So now we know; It's not over until the Fat Lady Sings at the end of the Coon supper






munk
 
I have cats.....coons kill cats.....therefore they don't live if we meet.:mad:
Best weapons for coon removal:.223;.45 auto;12ga.
 
we used to have coons in our last house. They tore a 3' hole in our roof and lived in the attic for a while. The worst part was the loss of sleep be cause they would make all kinds of noise all night. Finally one night I got totally sick of it. They were around the pond in the back yard fishing and trilling after they had brawled with and killed a possum. So I slid the window open quietly and grabbed my 12ga and proceeded to sight in on them. they were about 20-25' away and I had loaded up 3" 00 buck round, and I wanted to get both with one shot. So about the time I was sliding the safety off my wife leans over my shoulder and starts cooing about how cute they are, and then says "no they are soooo cute you can't shoot them with that". After a moments thought I said "your right honey" so I put the shot gun down.
then I went and grabbed her competition .22(really mine but she liked it so much she stole it). then next weekend we found the huge hole in our roof and I finally got the kudos I deserved.
 
I had a problem with bats when I lived in an old farmhouse in Eastern Montana. Early in the morning they'd fly back into the attic and wall of my bedroom and make a lot of racket.

I think everyone thinks Racoons are pretty neat until one of them destroys something on the property.

We had one tree on our land that was not an evergreen, and I wanted it to grow. IT was about 3' high. A Porcupine came by and started eating the bark. I was getting ready to shoot it when the Wife said the Porcupine was more valuable to her than the tree. OK. We let the Porcupine go on eating. The tree died; he'd bearded it.

After that my oldest son and I agreed the next time Porky came back he was dead. But he never came back. There aren't any more tasty trees here to eat, I guess.


munk
 
munk said:
I had a problem with bats when I lived in an old farmhouse in Eastern Montana. Early in the morning they'd fly back into the attic and wall of my bedroom and make a lot of racket.

I think everyone thinks Racoons are pretty neat until one of them destroys something on the property.

We had one tree on our land that was not an evergreen, and I wanted it to grow. IT was about 3' high. A Porcupine came by and started eating the bark. I was getting ready to shoot it when the Wife said the Porcupine was more valuable to her than the tree. OK. We let the Porcupine go on eating. The tree died; he'd bearded it.

After that my oldest son and I agreed the next time Porky came back he was dead. But he never came back. There aren't any more tasty trees here to eat, I guess.


munk
Racoons are sort of fun until your house cat gets into a territorial battle with one that is tuff or even worse, has rabies. Then you suffer too. Hard for a house cat to get the best of a racoon. Coons are tough customers.
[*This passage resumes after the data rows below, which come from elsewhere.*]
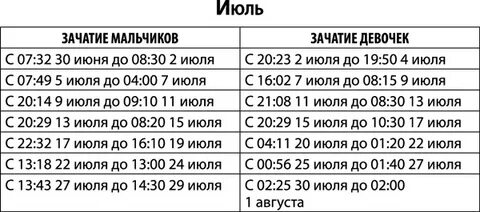 Лунный календарь зачатия девочки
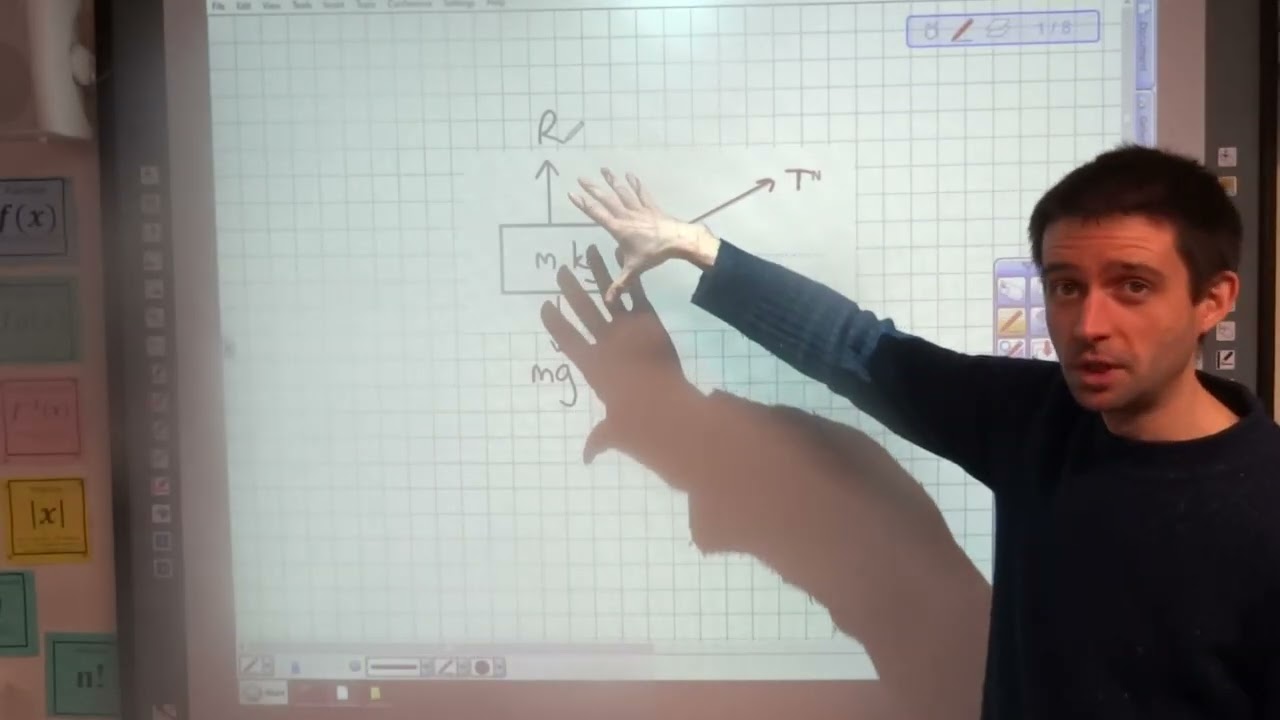 A Level Maths - Mechanics - Resolving Forces - Introduction
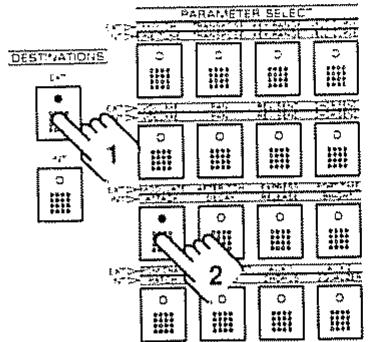 ROLAND A-90 - Application de modulation aux zones (zones externes) - 1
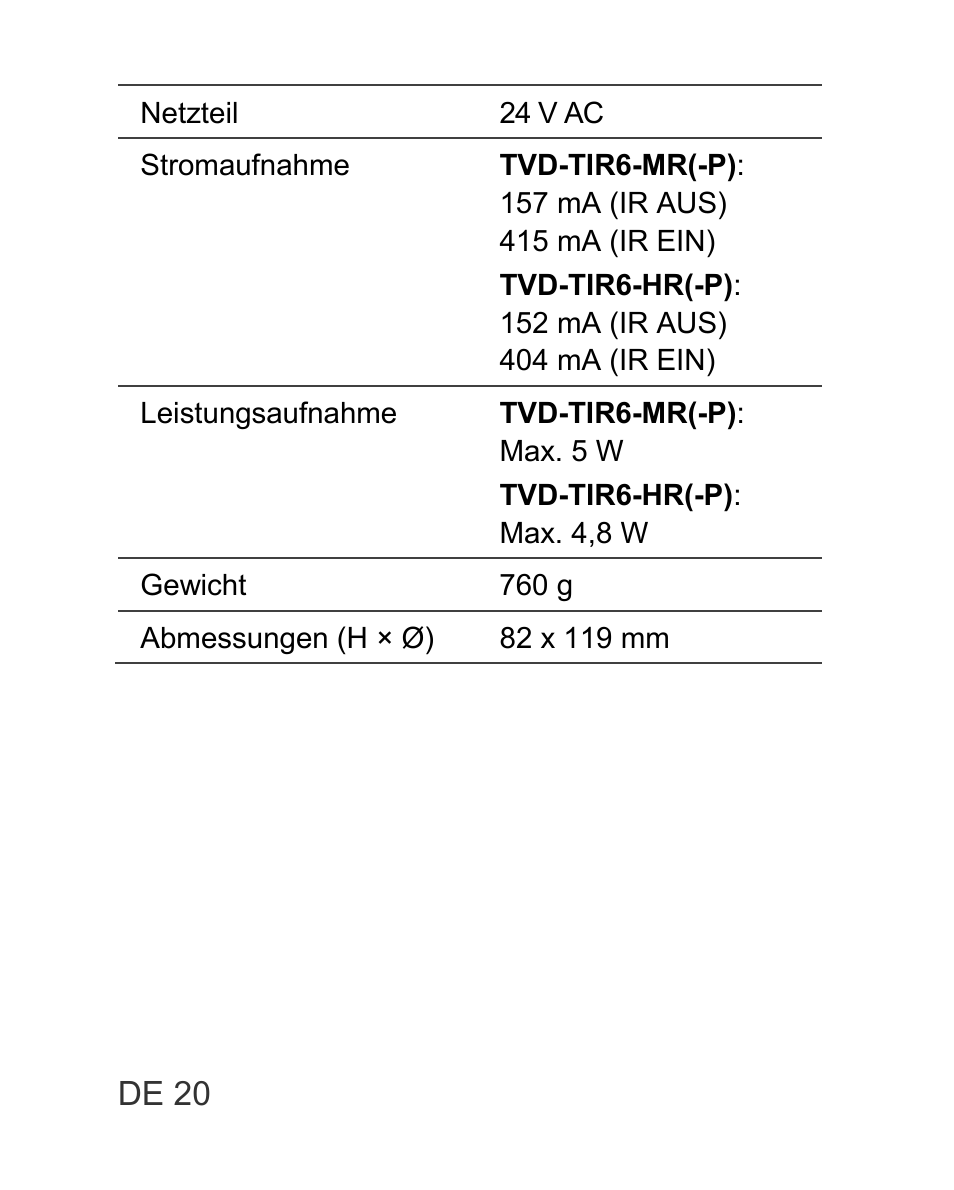 Interlogix TVD-TIR6 User Manual | Page 22 / 76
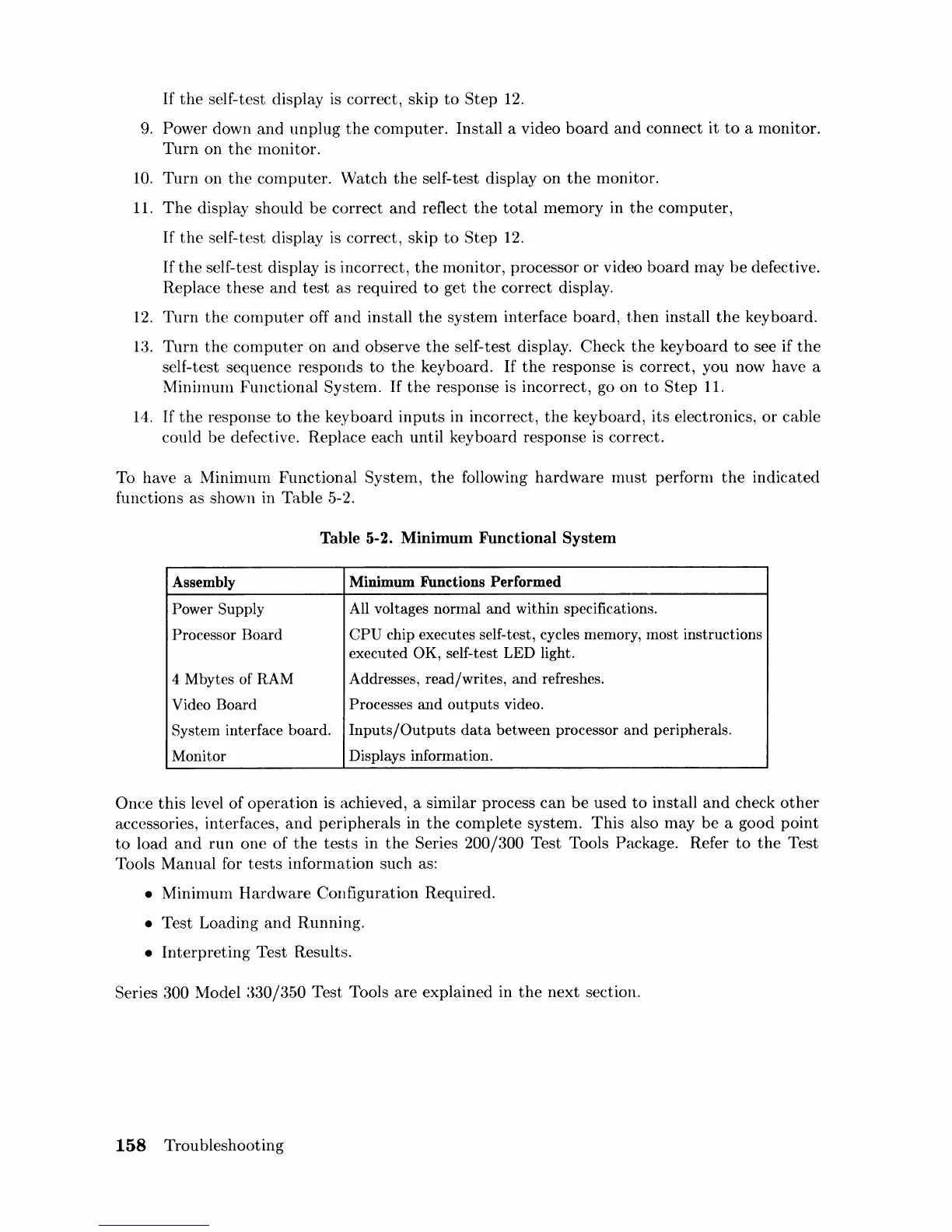 Page #174 background image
At times, on the farm, they would become quite a pest, as bad as the long tailed grey digger squirrels, at night we would chase the coons and get em to go up a tree, then with a flashlight, we would shoot them out of the tree.
Anyway coons are cute but quite a pest to have around.
iBear
 
Krull said:
I have cats.....coons kill cats.....therefore they don't live if we meet.:mad:
Best weapons for coon removal:.223;.45 auto;12ga.
What will you use a .45 auto for, on a coon hunt? Maybe wanna create a little splattered coon syrup for lunch?
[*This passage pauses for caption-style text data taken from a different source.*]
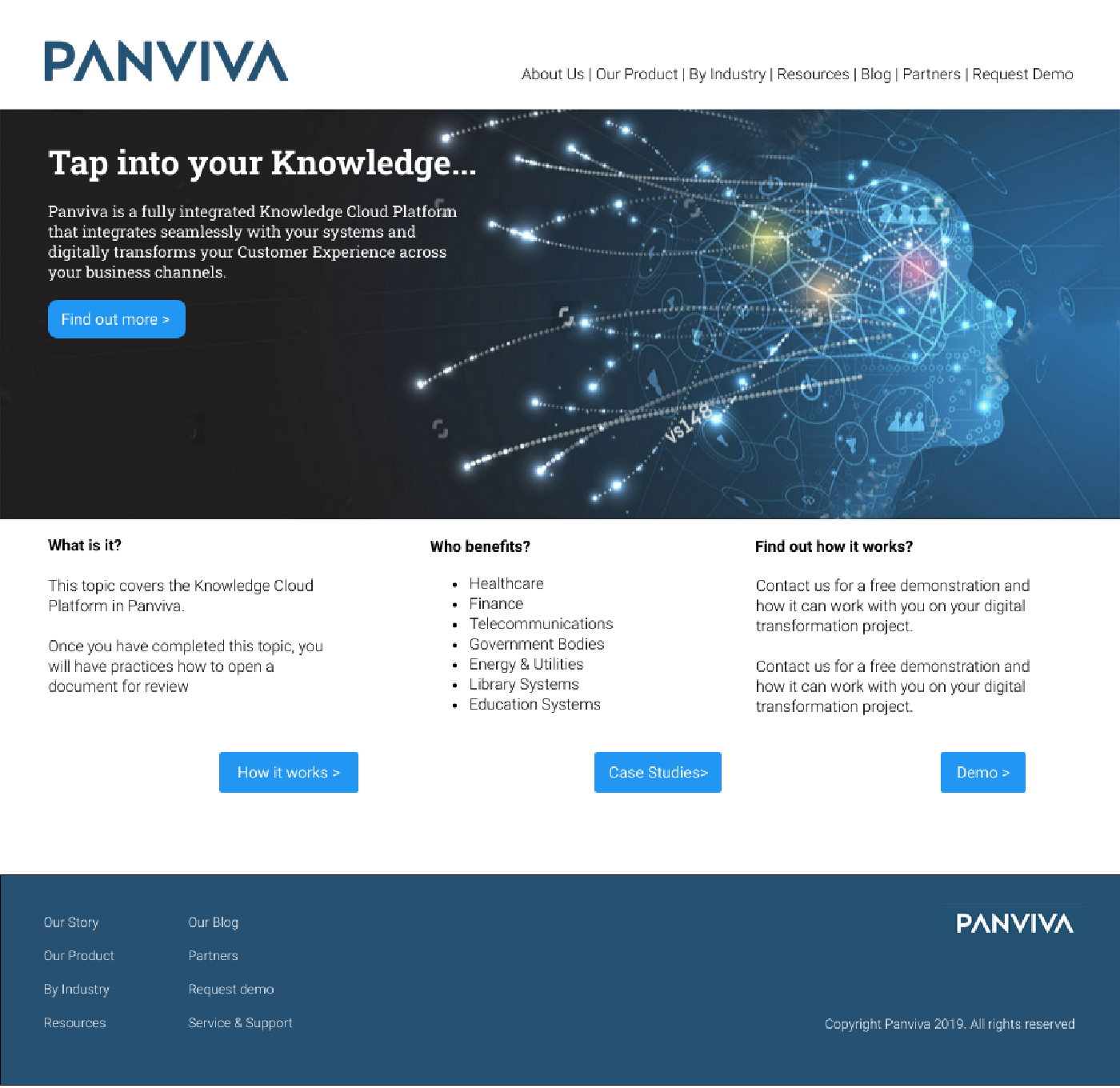 Panviva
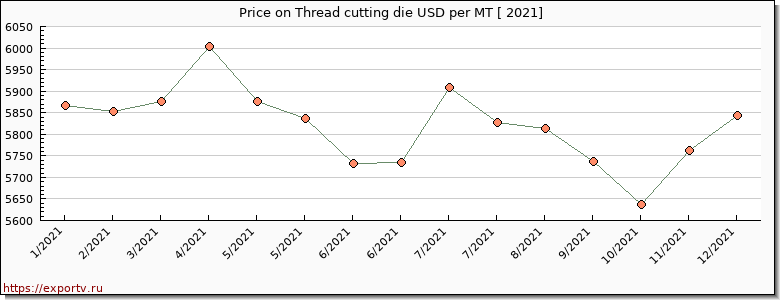 Thread cutting die price per year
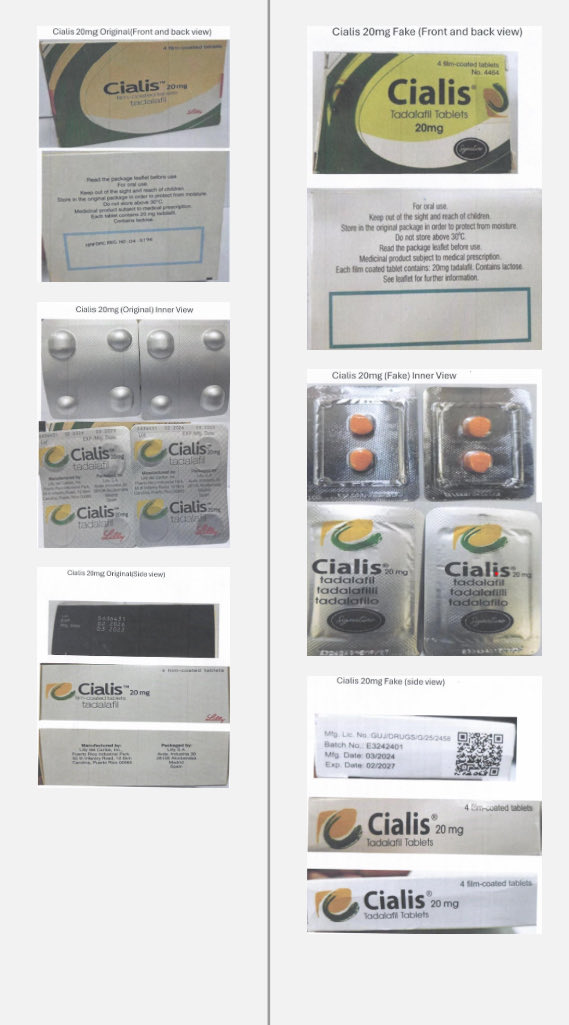 Cialis 20mg lazada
Coons are hell on cats that is sure.

iBear
 
Krull said:
I have cats.....coons kill cats.....therefore they don't live if we meet.:mad:
Best weapons for coon removal:.223;.45 auto;12ga.
You have that right. Hard for a cat to get the best of a coon. A cat up in Oregon that lives at Loon Lake, outside of Reedsport, Oregon, is half bobcat and half Tom cat. Twice this big ol' cat has taken on a coon, both times this cat has come out second best. He got ripped up pretty good the first time and it took two months to heal. He is recovering again from his second adventure. At least the coon didn't kill him, yet. This ol' cat ain't no quitter. After he heals up, he decides to try it again and he goes back for another try. Maybe he's catching on by now..... coons are tough customers.
He will be recuperating for another 6 or 7 weeks. I asked my brother to send us a picture of this war hero. If I get a picture of him, I will try to load it and let everyone get a look at this tuff guy.

iBear
 
ibear said:
What will you use a .45 auto for, on a coon hunt? Maybe wanna create a little splattered coon syrup for lunch?

Coons are hell on cats that is sure.

iBear
I carry a Glock 21 .45 auto on my 64.7 acers all the time...if it's all I got then it's war time!! :D

Of course coons are funny,I've blasted them so full of holes it ain't right..but they keep going,and this with a .45! :eek: the 12ga and .223 tend to spatter them all over the durn place-ICK!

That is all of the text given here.